What is data analytics? Transforming data into better decisions
- Apache Spark: An open-source data science platform to process big data and create cluster computing engines
- Domo Analytics: A BI SaaS platform to gather and transform data
- Excel: Microsoft’s spreadsheet software for mathematical analysis and tabular reporting
- Klipfolio: A cloud-based web application for self-service BI and reporting
- Looker: Google’s data analytics and BI platform
- Power BI: Microsoft’s data visualization and analysis tool to create and distribute reports and dashboards
- Python: An open-source programming language popular among data scientists to extract, summarize, and visualize data
- Qlik: A suite of tools to explore data and create data visualizations
- QuickSight: An analytics service from Amazon designed to integrate with cloud data sources
- R: An open-source data analytics tool for statistical analysis and graphical modeling
- RapidMiner: A data science platform that includes a visual workflow designer
- SAP Analytics Cloud: A cloud-based analytics and planning solution
- SAS: An analytics platform for business intelligence and data mining
- Sisense: A popular self-service BI platform
- Tableau: Data analysis software from Salesforce to create data dashboards and visualizations
- Talend: An ETL tool used by data engineers, data architects, analysts, and developers
- Zoho Analytics: A self-service BI and data analytics platform
Data analytics vs. data science
Data analytics is a component of data science used to understand what an organization’s data looks like. Generally, the output of data analytics are reports and visualizations. Data science takes the output of analytics to study and solve problems.
The difference between data analytics and data science is often about timescale. Data analytics describes the current or historical state of reality, whereas data science uses that data to predict and/or understand the future.
Data analytics vs. data analysis
While the terms data analytics and data analysis are frequently used interchangeably, data analysis is a subset of data analytics concerned with examining, cleansing, transforming, and modeling data to derive conclusions. Data analytics includes the tools and techniques used to perform data analysis.
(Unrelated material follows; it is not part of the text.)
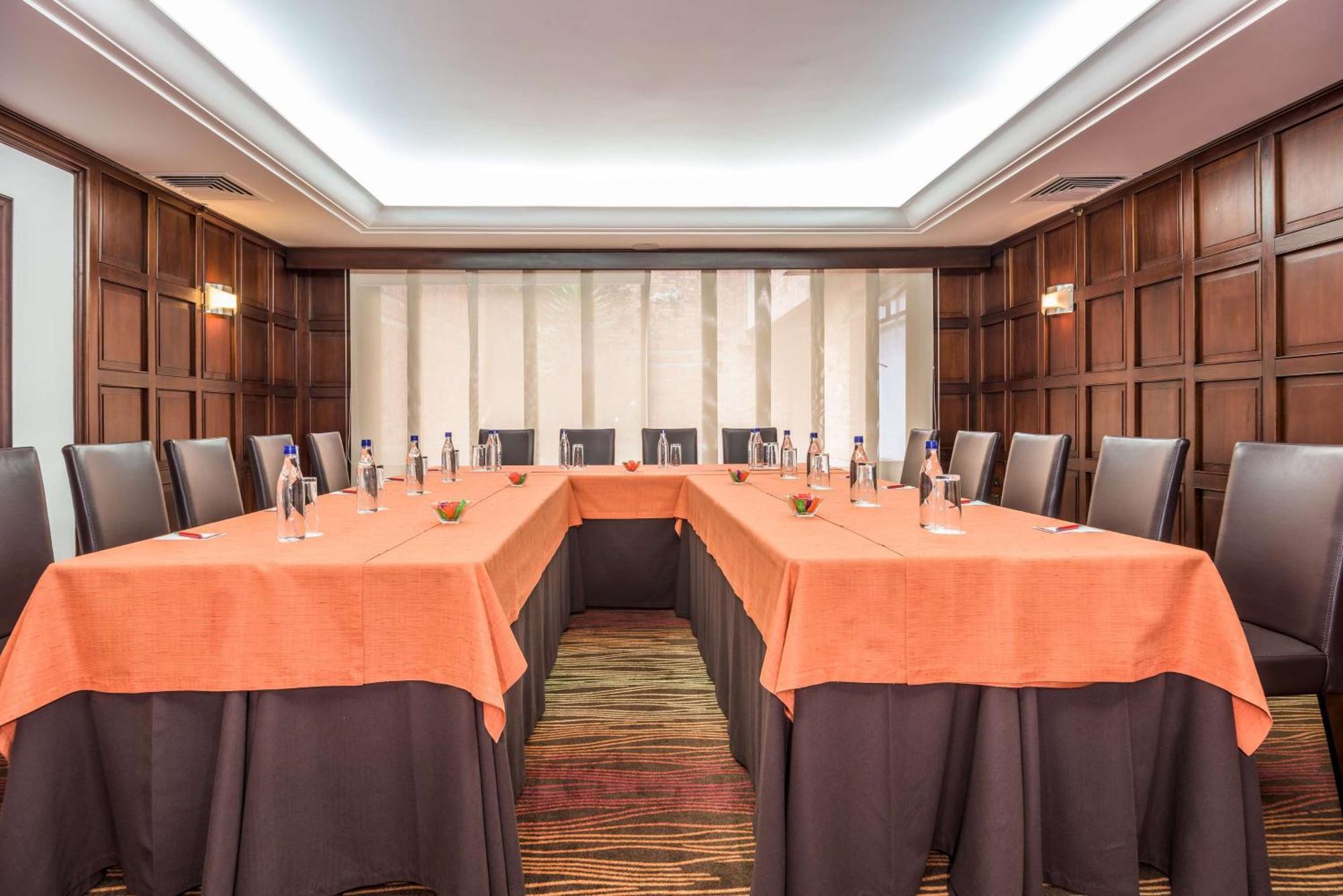فندق إن إتش كولكشن رويال أندينو بوغوتا المظهر الخارجي الصورة Meeting room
Data analytics vs. business analytics
Business analytics is another subset of data analytics. It uses data analytics techniques, including data mining, statistical analysis, and predictive modeling, to drive better business decisions. Gartner defines business analytics as “solutions used to build analysis models and simulations to create scenarios, understand realities, and predict future states.”
Data analytics examples
Organizations across all industries leverage data analytics to improve operations, increase revenue, and facilitate digital transformations. Here are three examples:
Fresenius Medical Care anticipates complications with predictive analytics: Fresenius Medical Care, which specializes in providing kidney dialysis services, is pioneering the use of a combination of near real-time IoT data and clinical data to predict when kidney dialysis patients might suffer a potentially life-threatening complication called intradialytic hypotension (IDH).